It seems that the max resolution for the built in H264 MFT is 4096 × 2304 pixels according to the documentation. https://msdn.microsoft.com/en-us/library/windows/desktop/dd797815(v=vs.85).aspx
Is it possible to use a different MFT that would allow larger formats or is it just not possible?
The limitations are with respect to the encoded format, and the transforms, and not with Media Foundation itself. It seems H265 (HEVC) can support up to 4320p (7680 x 4320) with improved picture quality over H264. However, as you probably noticed, H265 is supported on Windows 10, but their current implementation of the H265 decoder also has a limitation of 4096 x 2304. It may be possible to purchase H265 SDKs which contain transforms and sinks for other versions of windows, and support higher resolutions.
8K UHD [4320p] info described here.
And info on the names of given resolutions here.
Google's VP9 project only supports up to 4096 x 2304. Some have noticed and wrote about Google engineers working on VP10, and have started pushing code into the public libvpx repository where VP8 and VP9 reside. But that will be a while, and much will change before it is ready.
Of course, if you are feeling a bit code crazy, you could always write custom transform and sink for Media Foundation, and support whatever you like with respect to format and resolution, perhaps QUHD 16K (15360 x 8640).

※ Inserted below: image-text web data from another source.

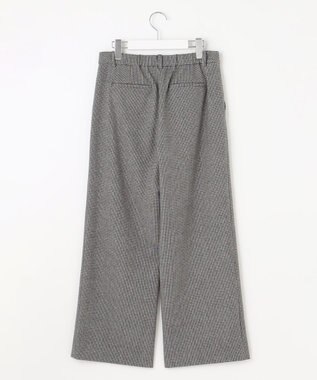 J.PRESS LADIES 【洗える】チェルビック チェック セミワイド パンツ ライトグレー系3
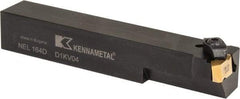 Kennametal - Internal/External Thread, Left Hand Cut, 1" Shank Width x 1" Shank Height Indexable Threading Toolholder - 6" OAL, N.4R Insert Compatibility, NE Toolholder, Series Top Notch - Apex Tool & Supply
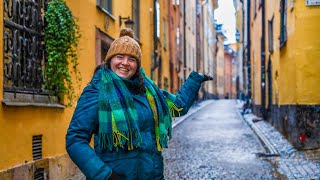 A Very Swedish Winter Day In STOCKHOLM Van Life Europe [upl. by Kensell269]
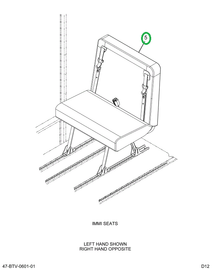 2238753C91 Seat, Left Hand, 36 Gen4 3pt 4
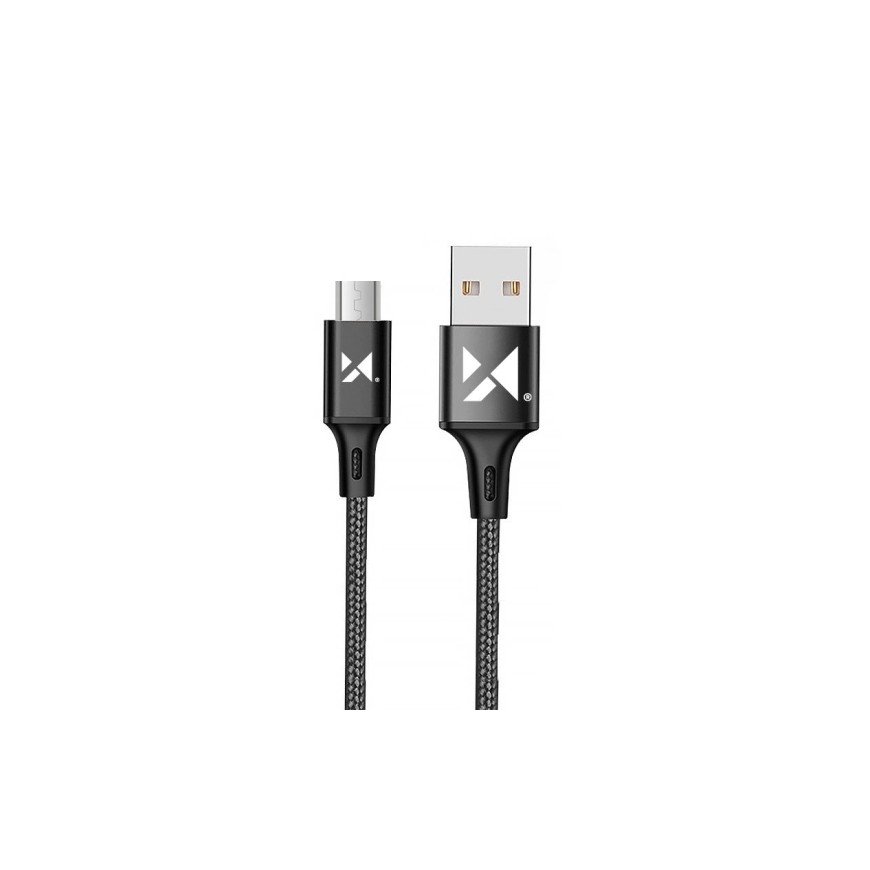 Wozinsky cable USB - microUSB 2,4A 1m black (WUC-M1B)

Sounds like you have an interesting project on your hands, but you may be a bit ahead of your time. Hope this helps.
EDIT:
You make a good point (with your comment). If your color format is standard, there is a chance you can use CLSID_CColorConvertDMO to perform the conversion, which will use SIMD registers/instructions when possible (not sure if there are size constraints). It has a dual interface as a DMO and an MFT. It definitely makes life a bit easier.

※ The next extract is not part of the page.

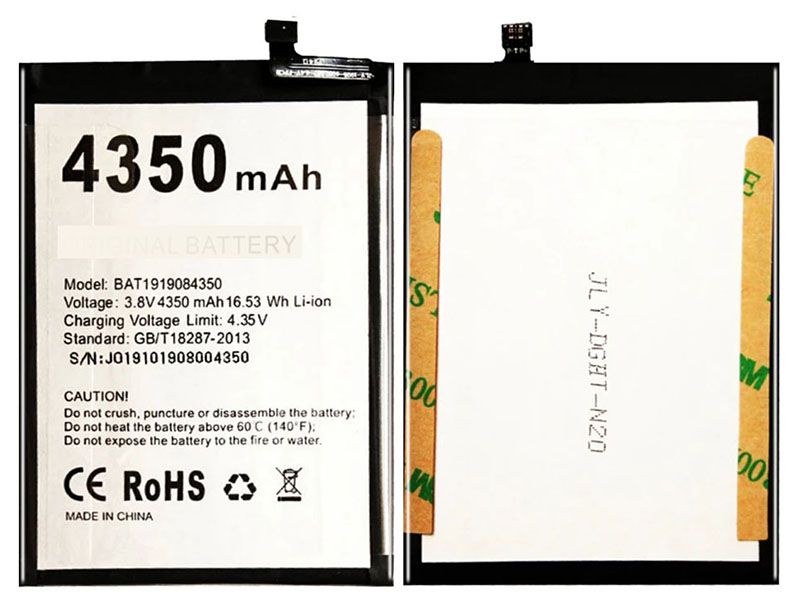 DOOGEE BAT1919084350電池/バッテリー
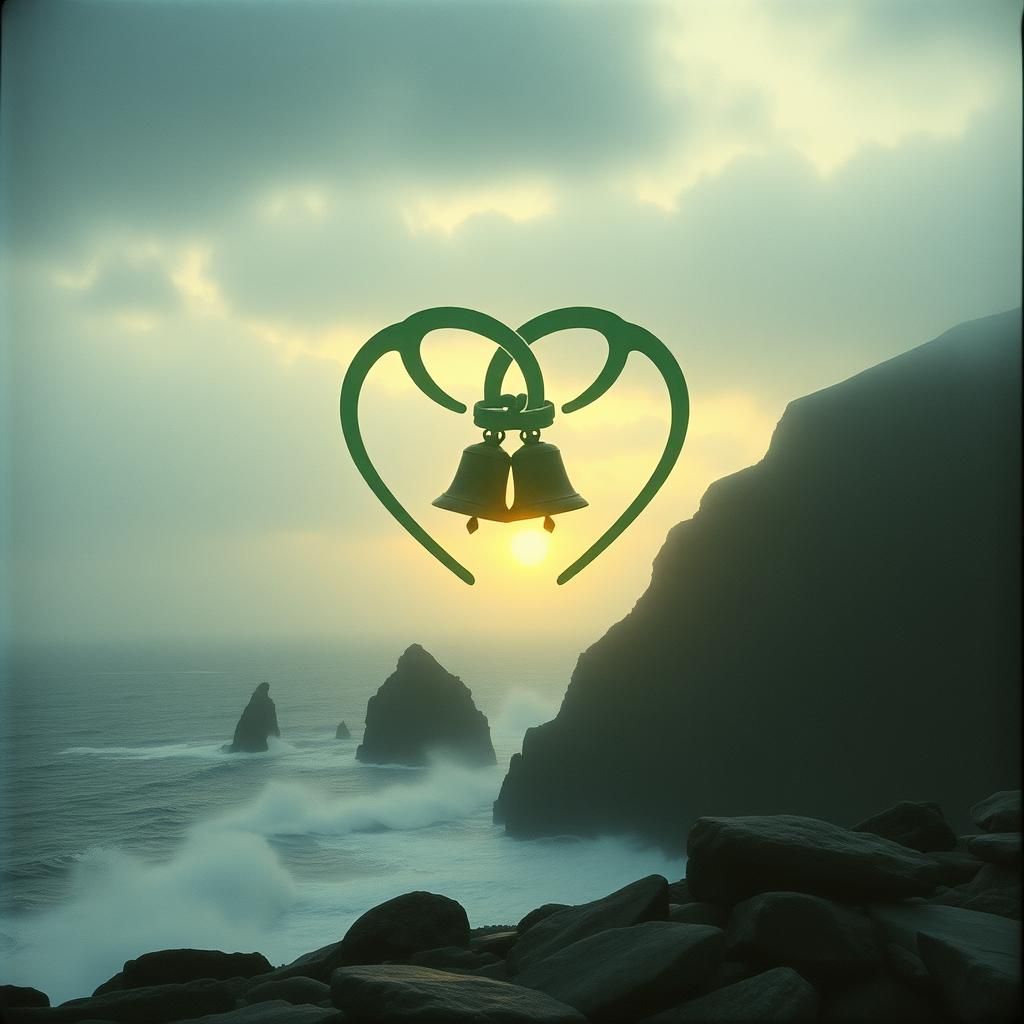 Two Celtic hearts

After creating the CLSID_CColorConvertDMO instance, and setting the input and output types (format, frame size, etc), create an IMFSample (using MFCreateSample), and an IMFMediaBuffer (using MFCreateMemoryBuffer) to the sample (using IMFSample::AddBuffer), then all that is necessary is to call ProcessInput and ProcessOutput to convert the buffer (create all items upfront).
RomanR also provides some code here.
If your format is not standard, you still have good options. After using C++ AMP for a bit (which is a wrapper for DirectCompute and HLSL), it felt more natural for me to simply use DirectCompute and HLSL directly. In the simplest terms, you create views of the data which map to the GPU from your memory stucts, and HLSL is very C like, and not hard to learn.
After your transforms are taken care of, you only have to decide the storage format (headers, etc), and provide the source and sink (for reading and writing/displaying). I suspect it would be a bit bloated compared to H264/H265 (increased I/O) but there would be little overhead with the conversion.